Anne-Sophie Lamblin-Gourdin ne travaille pas, ne conseille pas, ne possède pas de parts, ne reçoit pas de fonds d'une organisation qui pourrait tirer profit de cet article, et n'a déclaré aucune autre affiliation que son organisme de recherche.

19.05.2024 à 14:38

Tentative d’assassinat de Robert Fico : quelles conséquences pour la Slovaquie ?

Jan Rovny, Professor of Political Science, Centre d’études européennes et de politique, Sciences Po

Depuis son retour au pouvoir en octobre, Robert Fico avait entamé ce que ses adversaires qualifient de tournant illibéral.

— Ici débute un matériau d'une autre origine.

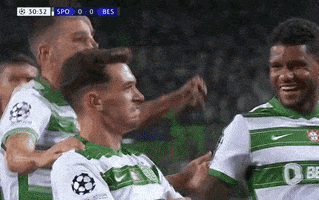 每日GIF(2021-11-25)的gif-Sporting Champions League GIF by UEFA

Qu’il reprenne son poste ou non, ce tournant va sans doute se confirmer.
Texte intégral (2118 mots)

Mercredi 15 mai, dans la petite ville slovaque de Handlova, Robert Fico, 59 ans, redevenu premier ministre le 25 octobre dernier après avoir déjà exercé cette fonction – la plus importante dans son pays – pendant dix ans au total entre 2006 et 2018, a été victime d’une tentative d’assassinat. Touché par cinq balles à bout portant, il a été rapidement évacué vers son hôpital. Son état, un temps jugé critique, est désormais qualifié de « grave ». Le suspect, un homme de 71 ans aux motivations floues, a été arrêté.

Fico est un dirigeant qui détonne au sein de l’UE. Élu sur une ligne populiste, notamment marquée par un discours résolument hostile aux migrants et aux minorités sexuelles, connu pour sa proximité avec Moscou sur le dossier ukrainien, souvent présenté comme un tenant de l’illibéralisme à l’instar du premier ministre de la Hongrie voisine, Viktor Orban, dont il est proche, il est un personnage extrêmement clivant sur la scène politique de la Slovaquie, ce pays d’Europe centrale de quelque 5,5 millions d’habitants actuellement plongé, comme les 26 autres États membres de l’UE, en pleine campagne électorale dans la perspective des européennes du 9 juin prochain.

The Conversation France a demandé à Jan Rovny, professeur de science politique au Centre d’études européennes et de politique comparée à Sciences Po, de revenir sur la trajectoire et l’idéologie de Robert Fico, et d’évaluer les conséquences que pourrait avoir cet événement sans précédent en Slovaquie, et rarissime à l’échelle de l’Europe, où les deux derniers chefs de gouvernement à avoir été assassinés dans l’exercice de leurs fonctions sont le Serbe Zoran Djindjic en 2003 et le Suédois Olof Palme en 1986.

Comment qualifieriez-vous Robert Fico, sur le plan politique ? Son parcours et ses prises de position sont-ils ceux d’une personnalité inclassable, ou bien s’inscrivent-ils dans des mouvances politiques clairement définies ?

Tout d’abord, il me semble important de commencer par rappeler que toute forme de violence, et en particulier la violence politique, est un phénomène odieux. Ce qui s’est passé ce 15 mai, c’est d’abord une tentative de meurtre visant un être humain, et ensuite seulement une attaque contre une personnalité politique – une personnalité politique qui a remporté des élections équitables et compétitives, et qui a légitimement accédé aux fonctions qui sont les siennes. Cet acte est une atteinte à la vie humaine et, au-delà, du fait du poste de la personne visée, une atteinte à la démocratie libérale, et mérite donc une condamnation absolument univoque.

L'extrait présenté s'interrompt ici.